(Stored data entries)
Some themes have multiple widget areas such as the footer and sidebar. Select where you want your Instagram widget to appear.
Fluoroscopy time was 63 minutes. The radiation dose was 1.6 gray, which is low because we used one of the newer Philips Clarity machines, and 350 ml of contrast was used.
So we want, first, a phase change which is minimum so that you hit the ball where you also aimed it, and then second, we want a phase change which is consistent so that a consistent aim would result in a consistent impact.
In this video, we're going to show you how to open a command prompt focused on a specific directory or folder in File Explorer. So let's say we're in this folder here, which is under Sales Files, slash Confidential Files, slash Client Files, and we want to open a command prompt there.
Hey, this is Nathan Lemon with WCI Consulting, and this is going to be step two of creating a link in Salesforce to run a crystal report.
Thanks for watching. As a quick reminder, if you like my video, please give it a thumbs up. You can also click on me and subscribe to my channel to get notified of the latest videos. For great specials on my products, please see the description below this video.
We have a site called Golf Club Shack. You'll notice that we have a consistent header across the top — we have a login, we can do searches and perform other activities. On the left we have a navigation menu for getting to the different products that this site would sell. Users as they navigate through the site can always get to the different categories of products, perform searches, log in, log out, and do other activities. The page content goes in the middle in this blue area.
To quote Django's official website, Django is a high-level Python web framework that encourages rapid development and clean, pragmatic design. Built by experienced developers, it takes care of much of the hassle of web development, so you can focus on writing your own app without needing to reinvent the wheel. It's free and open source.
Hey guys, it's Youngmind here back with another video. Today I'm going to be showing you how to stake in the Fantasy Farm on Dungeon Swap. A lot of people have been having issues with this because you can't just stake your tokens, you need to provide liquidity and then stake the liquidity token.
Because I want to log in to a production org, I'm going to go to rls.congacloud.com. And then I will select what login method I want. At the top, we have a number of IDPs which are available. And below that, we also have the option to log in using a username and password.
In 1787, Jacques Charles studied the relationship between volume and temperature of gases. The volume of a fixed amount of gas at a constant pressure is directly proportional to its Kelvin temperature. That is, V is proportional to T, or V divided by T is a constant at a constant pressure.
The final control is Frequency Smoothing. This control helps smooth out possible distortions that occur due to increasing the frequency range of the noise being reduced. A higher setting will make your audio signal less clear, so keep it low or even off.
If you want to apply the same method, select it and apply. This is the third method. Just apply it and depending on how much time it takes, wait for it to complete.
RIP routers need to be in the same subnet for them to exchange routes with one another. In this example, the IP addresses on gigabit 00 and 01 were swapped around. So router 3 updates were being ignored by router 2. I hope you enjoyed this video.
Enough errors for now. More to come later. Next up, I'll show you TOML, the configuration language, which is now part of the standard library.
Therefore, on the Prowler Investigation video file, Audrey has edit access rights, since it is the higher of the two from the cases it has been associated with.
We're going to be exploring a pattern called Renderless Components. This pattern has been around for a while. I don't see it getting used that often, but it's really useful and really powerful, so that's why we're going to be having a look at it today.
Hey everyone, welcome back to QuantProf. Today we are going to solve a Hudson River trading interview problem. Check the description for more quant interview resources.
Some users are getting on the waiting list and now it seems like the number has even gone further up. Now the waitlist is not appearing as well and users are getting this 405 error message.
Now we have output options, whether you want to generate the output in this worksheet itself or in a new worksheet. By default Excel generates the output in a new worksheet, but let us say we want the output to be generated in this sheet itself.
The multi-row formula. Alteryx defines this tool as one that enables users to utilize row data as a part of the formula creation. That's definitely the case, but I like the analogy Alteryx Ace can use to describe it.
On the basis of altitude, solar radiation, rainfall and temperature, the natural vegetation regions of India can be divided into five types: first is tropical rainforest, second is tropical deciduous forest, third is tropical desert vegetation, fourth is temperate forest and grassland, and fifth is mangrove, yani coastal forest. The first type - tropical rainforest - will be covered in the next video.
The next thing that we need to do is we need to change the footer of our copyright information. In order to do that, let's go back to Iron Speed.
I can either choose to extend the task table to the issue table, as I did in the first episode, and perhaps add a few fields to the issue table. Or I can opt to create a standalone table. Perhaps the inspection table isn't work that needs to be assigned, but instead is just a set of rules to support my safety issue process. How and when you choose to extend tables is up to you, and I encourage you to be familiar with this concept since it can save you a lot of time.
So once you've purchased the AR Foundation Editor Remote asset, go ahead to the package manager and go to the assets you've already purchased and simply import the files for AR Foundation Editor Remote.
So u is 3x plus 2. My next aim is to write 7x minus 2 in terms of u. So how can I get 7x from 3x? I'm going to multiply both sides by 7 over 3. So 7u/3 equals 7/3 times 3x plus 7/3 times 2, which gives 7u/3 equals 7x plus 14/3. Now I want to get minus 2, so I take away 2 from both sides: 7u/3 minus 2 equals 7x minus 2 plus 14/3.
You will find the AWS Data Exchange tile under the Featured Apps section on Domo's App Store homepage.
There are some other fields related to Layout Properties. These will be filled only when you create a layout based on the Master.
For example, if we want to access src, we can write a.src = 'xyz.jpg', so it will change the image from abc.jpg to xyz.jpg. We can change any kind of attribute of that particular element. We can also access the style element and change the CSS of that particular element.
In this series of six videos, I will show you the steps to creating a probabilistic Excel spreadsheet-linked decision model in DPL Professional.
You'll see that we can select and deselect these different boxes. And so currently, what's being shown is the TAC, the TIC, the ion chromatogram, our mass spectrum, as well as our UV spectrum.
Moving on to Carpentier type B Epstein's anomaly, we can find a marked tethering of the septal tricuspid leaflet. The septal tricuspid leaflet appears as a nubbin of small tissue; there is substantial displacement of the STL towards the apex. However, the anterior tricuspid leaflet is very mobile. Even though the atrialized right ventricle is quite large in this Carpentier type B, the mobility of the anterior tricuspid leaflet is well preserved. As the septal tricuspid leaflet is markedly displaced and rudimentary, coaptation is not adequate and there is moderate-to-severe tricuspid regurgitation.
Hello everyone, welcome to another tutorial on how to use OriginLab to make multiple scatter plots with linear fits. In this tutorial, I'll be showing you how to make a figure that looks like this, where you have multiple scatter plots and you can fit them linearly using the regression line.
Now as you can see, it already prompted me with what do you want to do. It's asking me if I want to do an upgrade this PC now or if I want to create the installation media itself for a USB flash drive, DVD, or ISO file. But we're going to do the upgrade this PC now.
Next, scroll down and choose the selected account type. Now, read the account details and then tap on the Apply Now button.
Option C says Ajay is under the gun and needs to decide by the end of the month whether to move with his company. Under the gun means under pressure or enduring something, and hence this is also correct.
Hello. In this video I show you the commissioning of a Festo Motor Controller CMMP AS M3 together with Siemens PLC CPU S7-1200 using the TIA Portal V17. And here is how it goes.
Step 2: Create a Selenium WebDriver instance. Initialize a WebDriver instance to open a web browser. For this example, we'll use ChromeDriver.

ASSIGNMENT: Out of the data above, give again only the lines starting at the one holding "We have a site" and ending at the one holding "Because I want", unchanged.

EXPECTED OUTPUT:
We have a site called Golf Club Shack. You'll notice that we have a consistent header across the top — we have a login, we can do searches and perform other activities. On the left we have a navigation menu for getting to the different products that this site would sell. Users as they navigate through the site can always get to the different categories of products, perform searches, log in, log out, and do other activities. The page content goes in the middle in this blue area.
To quote Django's official website, Django is a high-level Python web framework that encourages rapid development and clean, pragmatic design. Built by experienced developers, it takes care of much of the hassle of web development, so you can focus on writing your own app without needing to reinvent the wheel. It's free and open source.
Hey guys, it's Youngmind here back with another video. Today I'm going to be showing you how to stake in the Fantasy Farm on Dungeon Swap. A lot of people have been having issues with this because you can't just stake your tokens, you need to provide liquidity and then stake the liquidity token.
Because I want to log in to a production org, I'm going to go to rls.congacloud.com. And then I will select what login method I want. At the top, we have a number of IDPs which are available. And below that, we also have the option to log in using a username and password.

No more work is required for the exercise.